Ando buscando a los héroes y a los mitos de mi infancia y mi adolescencia. Desde mi infancia y mi adolescencia. A veces, cuando llego a ciertas ciudades, me acuerdo de ellos otra vez - con más fuerza. Y hago peregrinaciones a donde pudieron haber estado, donde quedó algo de lo que fueron.

Ayer fuí a la Casa de Anna Frank. Me subí al tren a Amsterdam pensando en la niña de diez años que se enamoró del libro y lo llevaba cargando de un lado a otro. De la que se horrorizó con la sensación de claustrofobia, y se enamoró de Peter y quería salir a la calle, a correr. De la que no era judía pero se sentía por un momento al leer la historia de alguien que se llamaba como ella.

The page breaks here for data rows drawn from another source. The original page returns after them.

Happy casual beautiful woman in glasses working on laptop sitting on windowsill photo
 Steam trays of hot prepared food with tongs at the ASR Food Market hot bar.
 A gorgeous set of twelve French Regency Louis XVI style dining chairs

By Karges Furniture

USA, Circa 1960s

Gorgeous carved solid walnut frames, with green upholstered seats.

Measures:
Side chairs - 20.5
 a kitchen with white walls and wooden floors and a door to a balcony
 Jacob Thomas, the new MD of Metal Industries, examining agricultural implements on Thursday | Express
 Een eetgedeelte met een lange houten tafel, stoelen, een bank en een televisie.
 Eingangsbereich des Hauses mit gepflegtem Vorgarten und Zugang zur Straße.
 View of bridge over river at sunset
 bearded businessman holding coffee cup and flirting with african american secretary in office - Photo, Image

Me prometí entonces ir a la casa de Anna Frank. Ya iban incontables visitas a los países bajos y nada. Ayer supuse que ya estaba bien: que había que ponerles atención a mis recuerdos infantiles. Y me hice la súper fila que toca hacer y entré al número 267, aunque debí de haber entrado por el número 263.

Me dieron muchas ganas de volver a leer el libro. Y con cada frase me acordé de mi misma. Y pensé que esa niña, a la que se le alaba por su contribución a los presos del mundo, quizá no hubiese sido una mujer muy agradable. Lo dice esta terrible autoconciencia, las declaraciones de las mujeres que les ayudaban que afirman que lo peor que se podía hacer era interrumpirla cuando estaba escribiendo... nadie duda que su contribución hubiese sido la misma. Pero quizá no tendría tanta repercusión y podría haber sido además una mujer bastante malhumorada. Con todo eso me salí en la cabeza y con la voz de Otto Frank que, aún sorprendido por los contenidos de los diarios de su hija, confiesa que cree que en realidad, ningún padre conoce a sus hijos.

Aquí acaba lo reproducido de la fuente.